I love the iPad on about 100 levels, and plenty of vendors beyond Apple will grow rich off me. My spending on iBooks alone will keep some publisher’s kid in braces.
But I’m hoping that very soon journalists across this nation will realize they need to set common-sense subscription rates for their material, even if it’s in electronic form.
The Sports Illustrated app for the iPad is remarkable. Photos jump off the beautiful iPad screen. A touch on the screen reveals the stats related to any article, as well as more archived material. It has that terrific SI writing. And, best of all, the app is free.
But, like crack, they give you a tiny taste for free because they know you’ll be back for more. Then, they expect you to pay $4.99 per weekly edition. The print version — which, let’s face it, just isn’t as cool — costs $39 a year.
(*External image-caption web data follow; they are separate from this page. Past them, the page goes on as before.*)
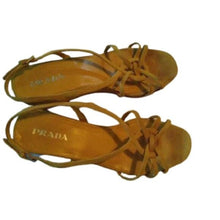 Load image into Gallery viewer, Prada Women's Golden Yellow Suede Cork Wedge Heels, 38 or size 7.5
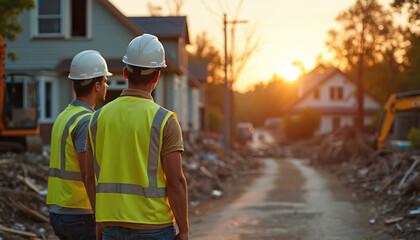 Two construction workers in yellow safety vests observe neighborhood devastated by hurricane. Debris litters street, with homes showing significant damage. Team prepares for rebuilding efforts,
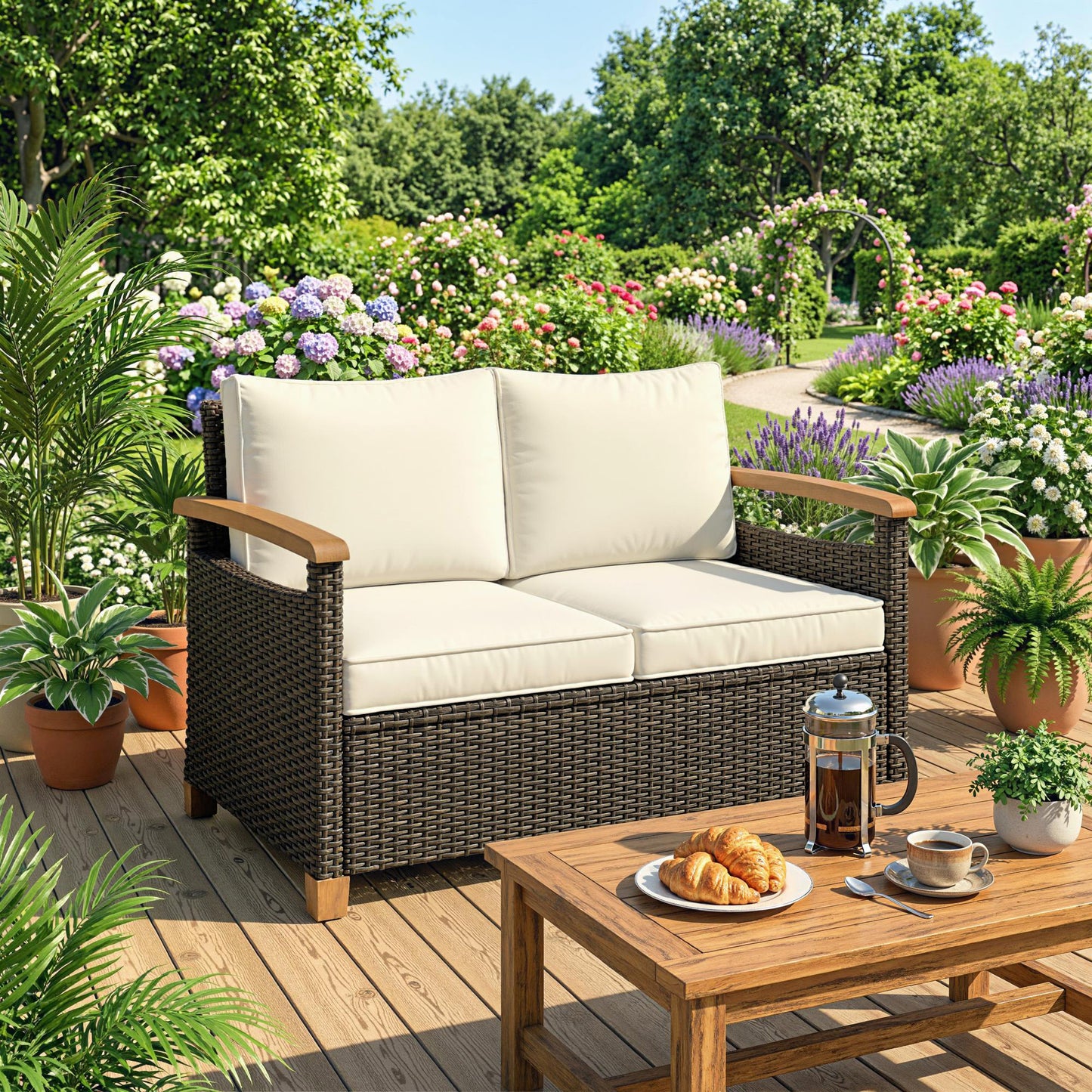 2 Seater Rattan Garden Sofa, Outdoor Sofa with Thickened Cushions and Acacia Wood Armrests, Brown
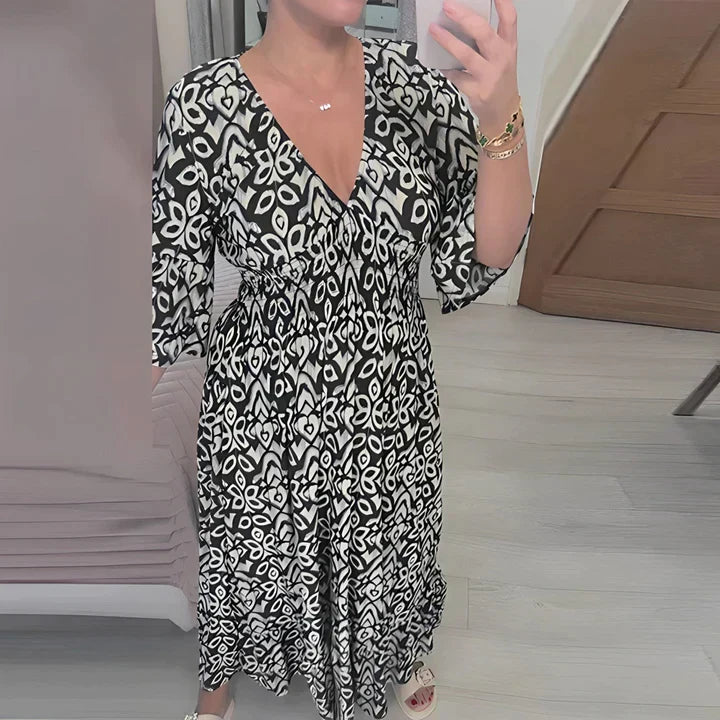 Frieda | Women's Airy Summer Midi Dress with V-Neck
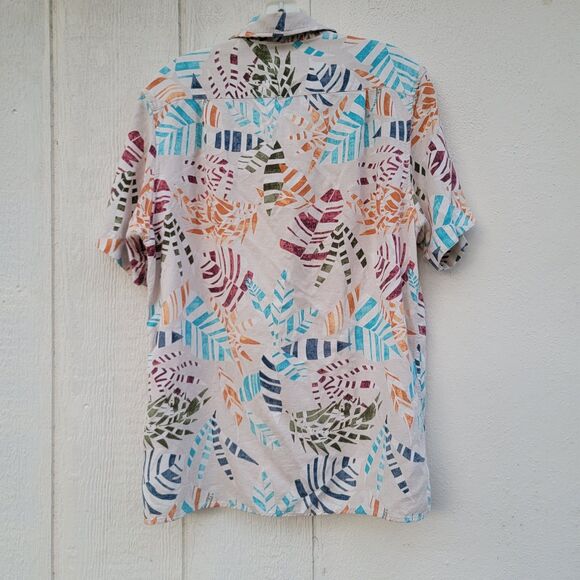 Tasso Elba multi colored leaf print silk blend button-down shirt mens sz med - Picture 3 of 5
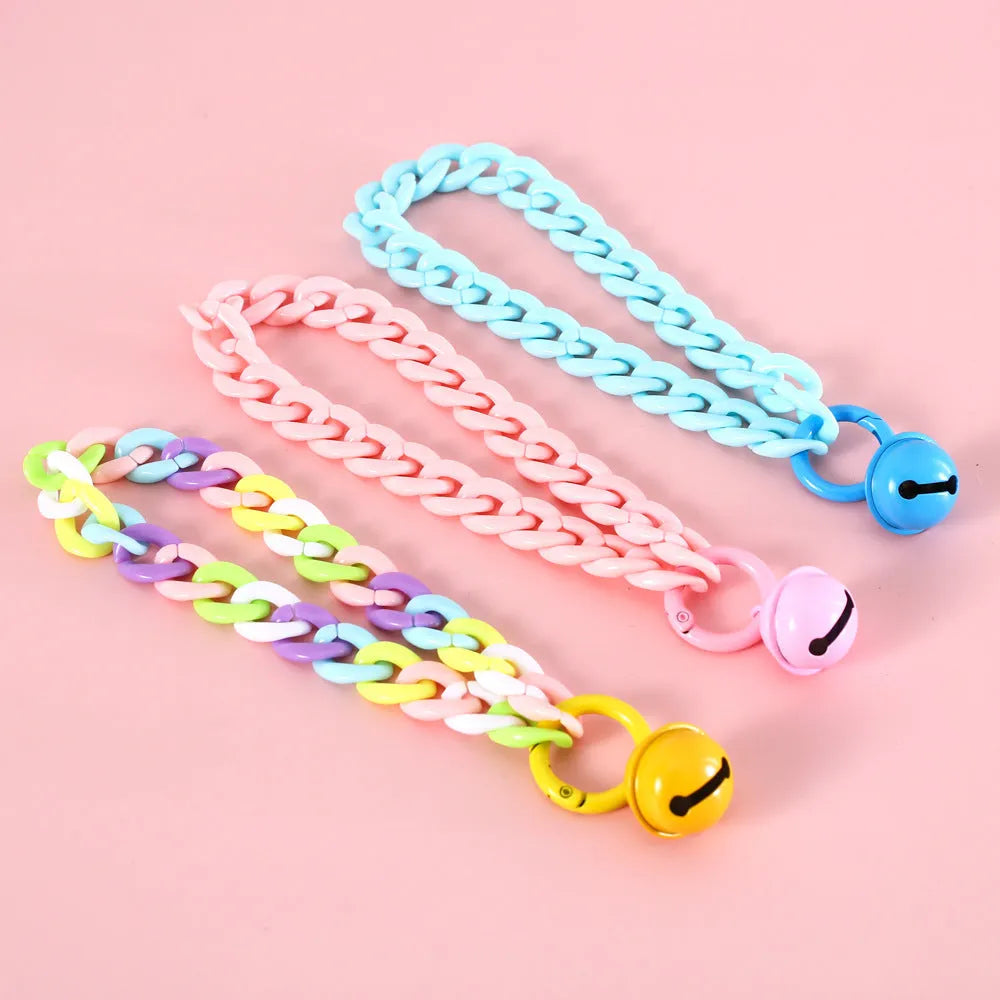 Adjustable plastic pet collar in macaron colours with chain design for cats dogs rabbits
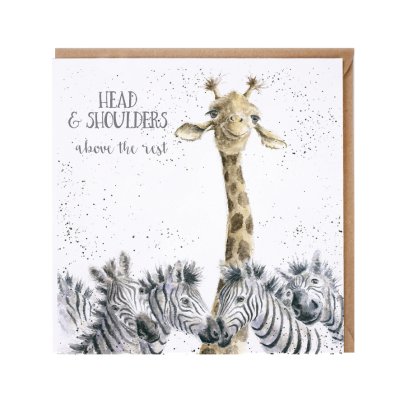 Giraffe and zebra greeting card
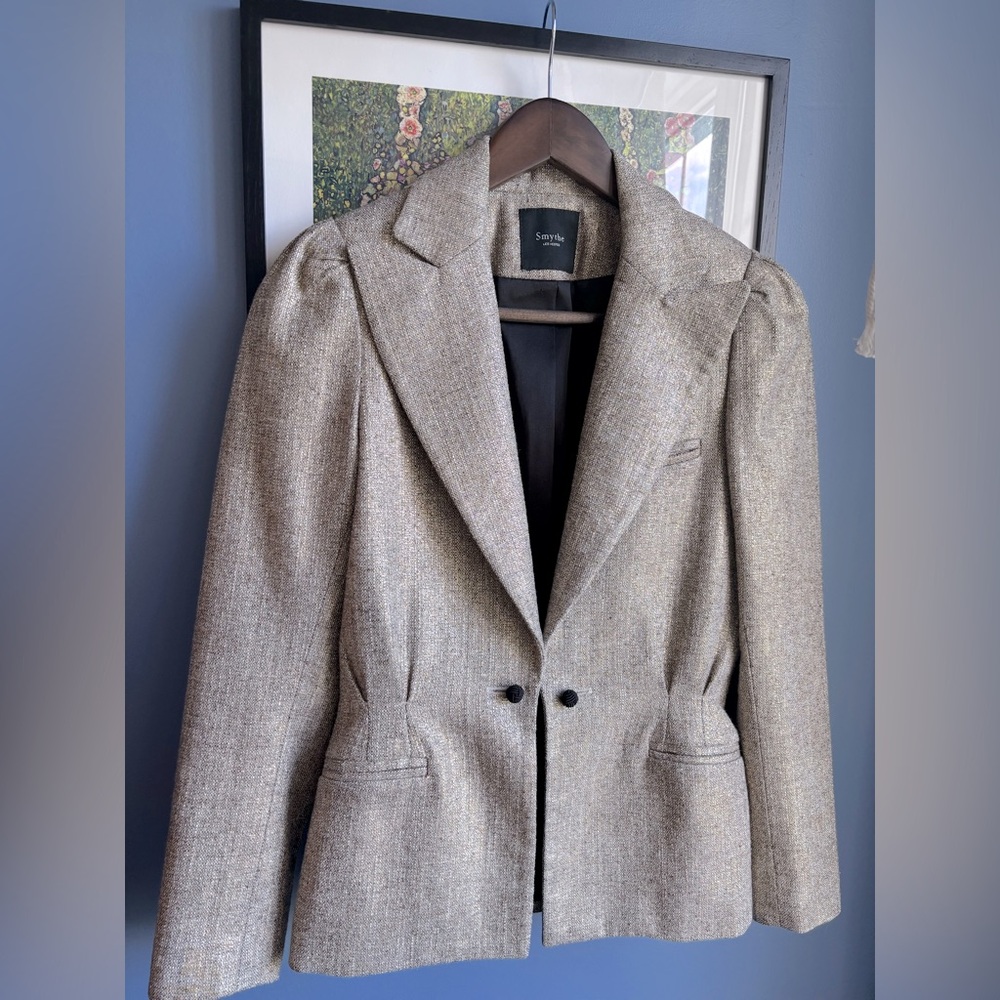 Smythe Tan and Gold Blazer Tailored Suit Jacket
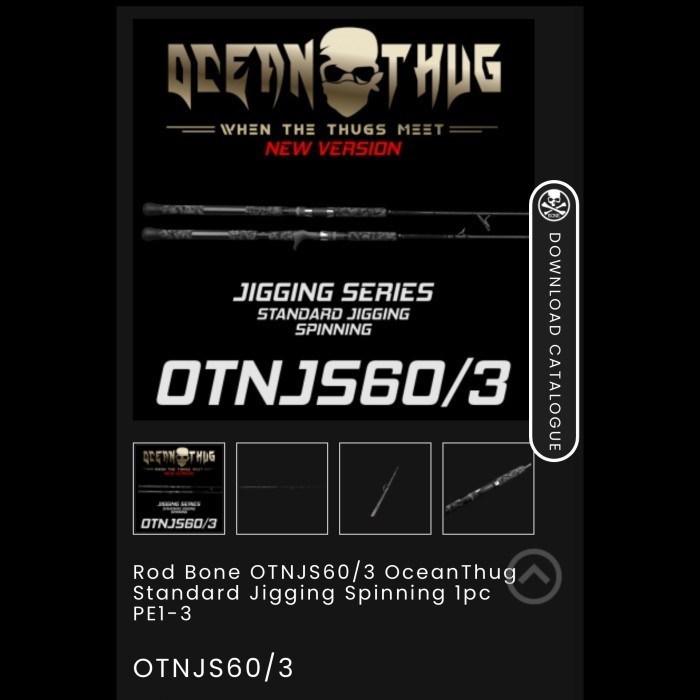 Bone NEW OCEAN THUG JIGGING SERIES Spinning & Overhead Rod - New Version Fuji Guide Spin & OH - 60/3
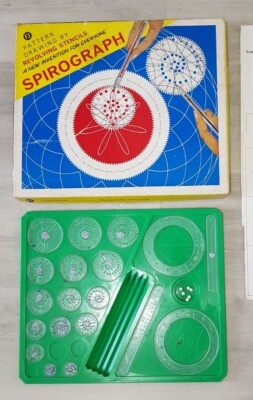 SPIROGRAPH SET VON DENTS FISHER - VINTAGE RETRO ART - EINIGE TEILE FEHLEN 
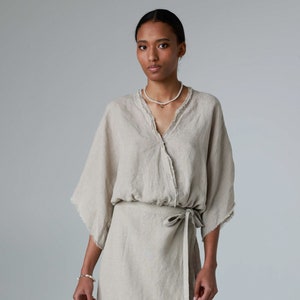 Raw-edge linen top with kimono sleeves, linen wrap top with elastic waist, V-neck linen blouse for women, fashionable summer top NIDA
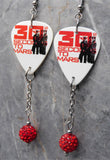 30 Seconds to Mars Guitar Pick Earrings with Red Pave Bead Dangles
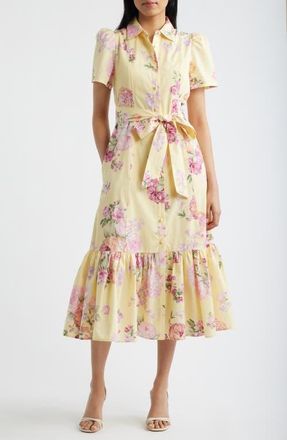 Anne Klein Floral Shirtdress in Daffodil Multi at Nordstrom, Size 16P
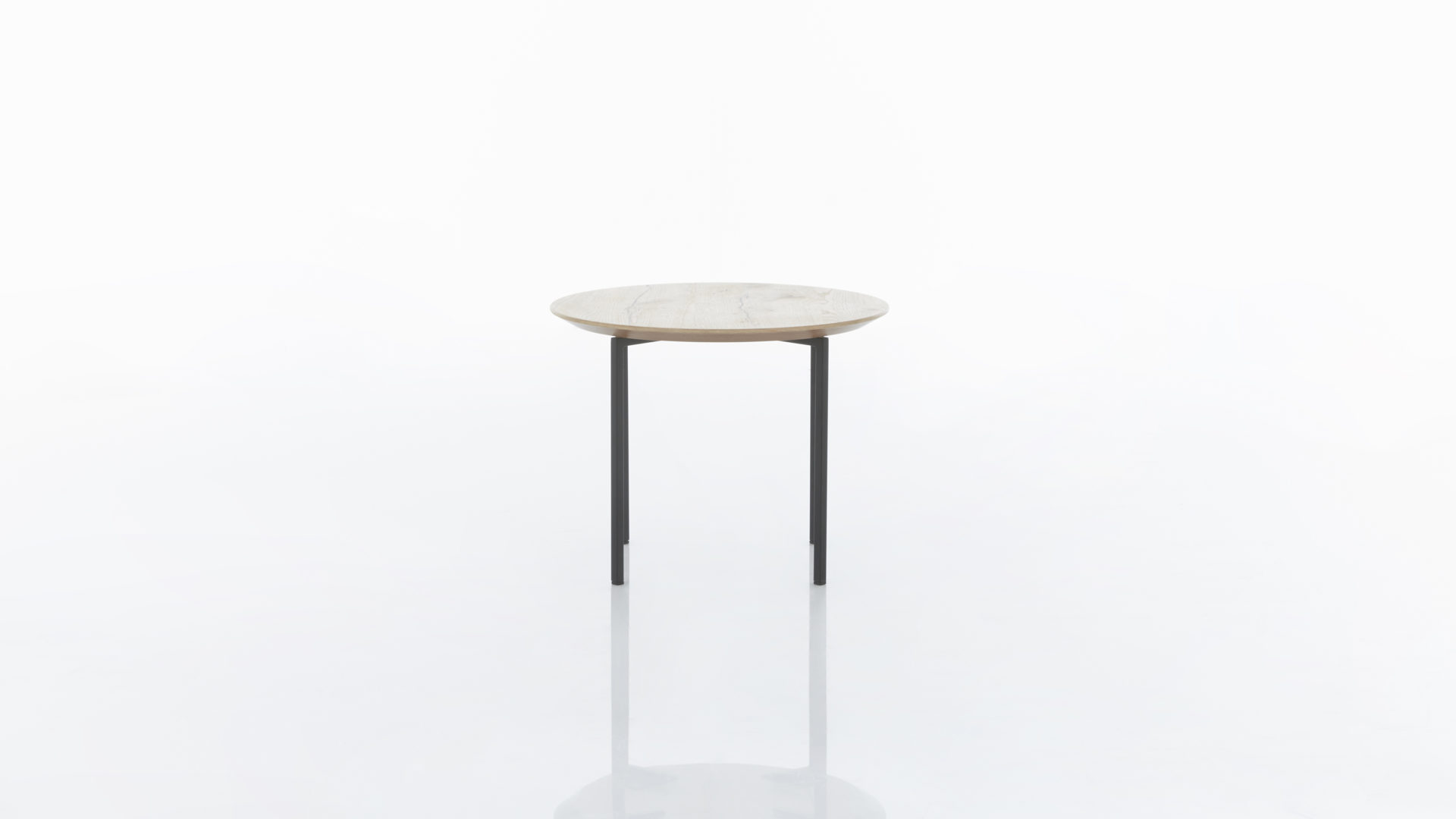 Couchtisch Venjakob | il aus Holz in Holzfarben Interliving Couchtisch Serie 6202 - Couchtisch helle Santana Eiche & mattschwarzes Metall – Durchmesser ca. 55 cm, Höhe ca. 35 cm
Surely, somewhere between $39 and $259 there lies a more sensible subscription rate.
To me, though, SI is not the worst offender. Until recently, I was a happy subscriber to the print and online editions of the Wall Street Journal.
I considered the annual subscription to be an indulgence for myself, but also a reasonable price. Then I bought my iPad and happily looked for the WSJ app. Again, they expected more than $200 a year for a subscription to material that is certainly based on the same source material as the print and online editions. And they gave no price break to folks who already subscribed to one of the other formats.
It made me so mad, I cancelled all my subscriptions.
I worked in the print media for 30 years, and I do think that online content should generate a profit for its producer. I’m willing to pay for quality writing and reporting. I’m just not willing to pay a gouger’s rates.
I hope market demand straightens this out soon.